4. This past Christmas my white friend Emily and I played nuns in a black adaptation of A Christmas Carol. We were the only white girls. Oh, and we performed the “Joyful, Joyful” rap from Sister Act 2 while wearing our instant nun kits…numerous times.

5. The motto of my life is “These Things Don’t Happen to Normal People” and my friends tell me this all the time. Apparently strange things always happen to me, like the time I accidentally caused a squirrel to trip, fall and scrape its knee, but I didn’t know these things didn’t happen to everyone until about a year ago when Sarah pointed it out to me.

6. I can’t swim despite the fact that when I was a kid we had a boat and I was a little tubing beast. When I worked at camp two summers ago I wasn’t allowed in the lake because I refused to take the swim test.

7. I saw my favorite singer in an airport and recognized her by her perfume. Later in the year when my best friend surprised me with a ticket to one of her concerts, her pianist told me I was a stalkerazzi.

8. It used to make my mom crazy that I was one of the least affectionate kids she knew but I’ve become insanely cuddly and sometimes have to remind myself to give people physical space because not everyone is a snuggler. One of my favorite things to do is teach people how to hug. (Side hugs are not hugs.)

9. I’ve been bitten by a snake and chased with an armadillo. Snakes terrify me, but strangely being bitten by one isn’t nearly as scary as being chased with an armadillo. And for being terrified of snakes, I’ve had numerous encounters. In high school I once went to my best friend’s house and found her and her mom screaming and standing on their couch because there was a snake in their living room…I had to get it out, and to this day Sarah’s mom tells people of my very courageous rescue.

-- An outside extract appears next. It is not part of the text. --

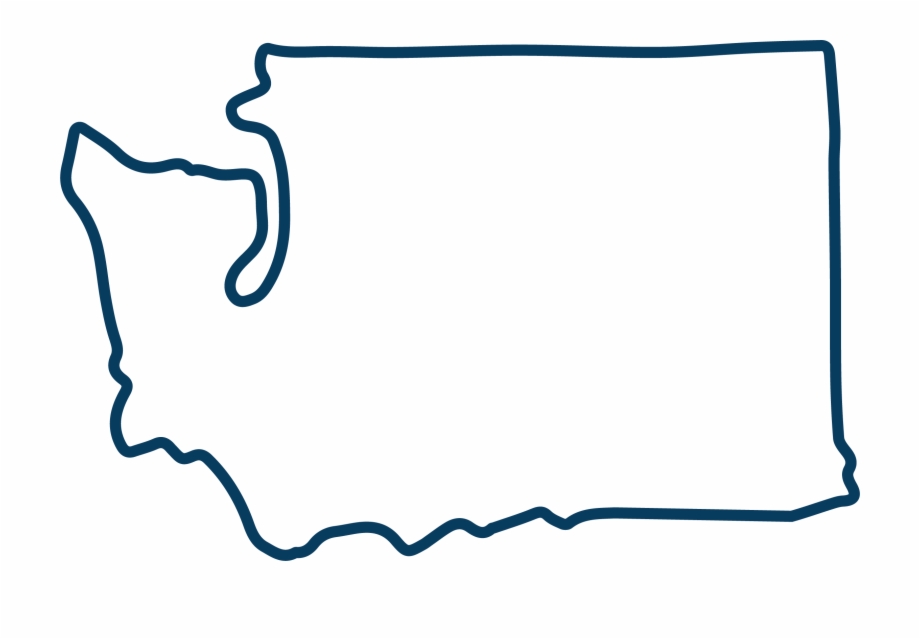 Washington State Outline Vector at Collection of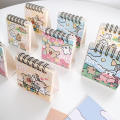Cute Calendar Minimalist Calendar Student Desk Calendar Small Desk Calendar Line Dog Mini Calendar Coil Calendar.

10. I get really anxious around large animals, even when they’re caged. Things like T-Rex displays at science centers and museums make me really uncomfortable. And I mean that in all seriousness.

11. I played soccer year-round for years and played varsity my freshman year. But I quit so I could be in show choir.

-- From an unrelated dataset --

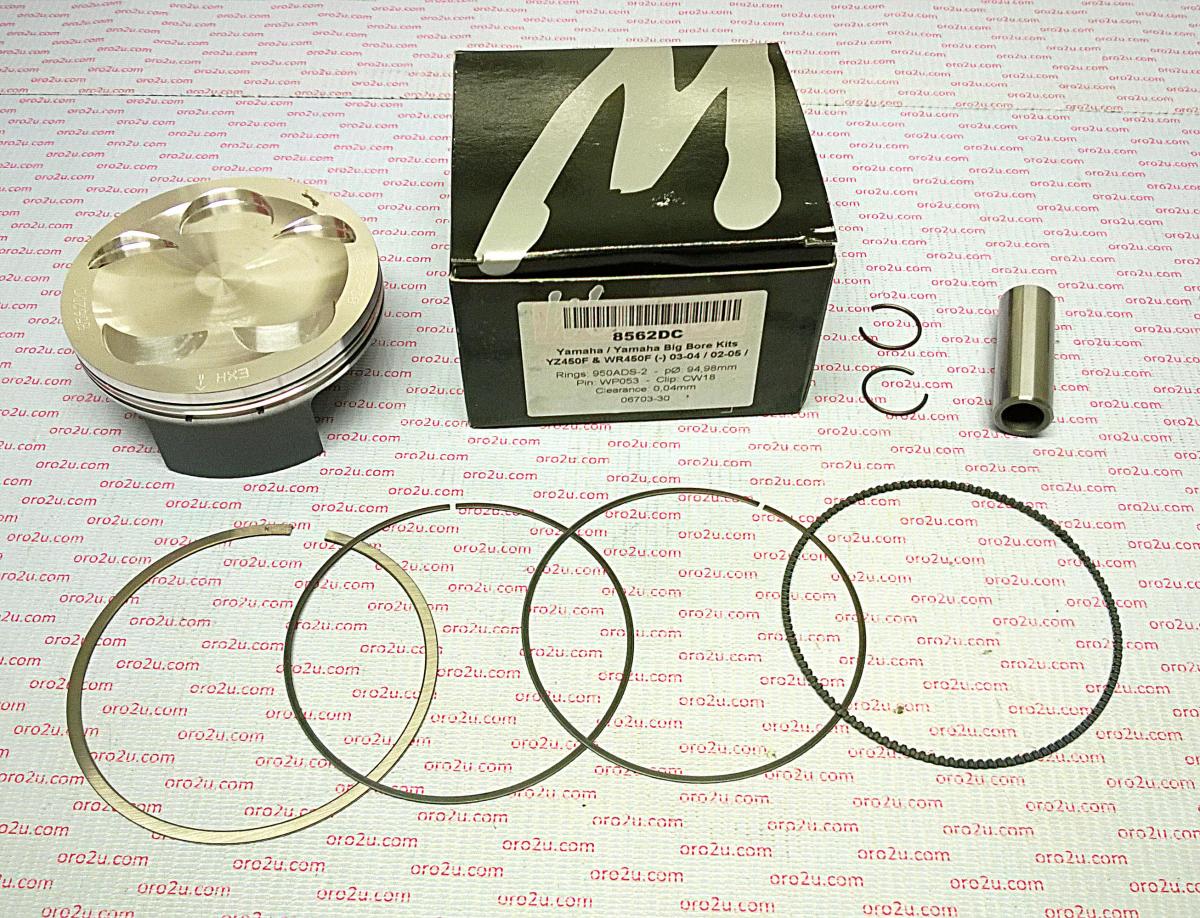 Piston Kit 03-04 YZF450 95 Hc, Forged Wossner 8570DB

12. I love parallel parking, airport layovers and doing laundry.

13. When I moved to Switzerland I thought I was going to be living in a convent. I ended up in an apartment in the Red Light District.

14. I’ll pretty much participate in anything if it’ll make for a good blog story.

15. I’m an only child and I’m left handed and don’t understand why people are fascinated by either. Lots of people ask what it’s like to be left handed and what it’s like to be an only child and while I definitely don’t mind the questions, I don’t really know how to answer them.

16. Someone is named after me.

17. I’ve had three dreams that have maintained consistent for nearly my entire life: to write a book, to learn how to play the piano and to own my own coffee shop/bookstore.

18. I worked for a photographer for a few years and it was one of the best and most missed experiences of my life. He taught me a lot. I was going to get a photography minor in college (which would have been a great compliment to a media communications degree) but I took one photography class and realized that studying it made it lose its magic for me.

19. Before I could really talk I told my mom, “The King is coming.”

20. I used to direct children’s theatre and that opportunity taught me more than probably any other single experience in my life.

21. I’m okay at a number of things but have never been the best at anything. I’ve learned to really embrace that and enjoy it and sometimes wonder if I don’t subconsciously put myself in that position. See #11.

22. I was nominated for (but didn’t win, see #21) a St. Louis Arts for Life Award for my 6 line role as a scrubwoman in How to Succeed…

23. My best friend in high school and I spent a summer telemarketing for the company my mom worked for. Some of my most amazing random stories come from that summer including some of the games we made up like “Synchronized Mexican Restaurant Calling.”

24. My senior year of high school I competed in our local Jr. Miss “Scholarship Program” (Pageant) and actually had a ton of fun. See #14.

25. I love being around old people and find something really comforting about it. It’s one of the things I’ve missed the most since moving to Austin.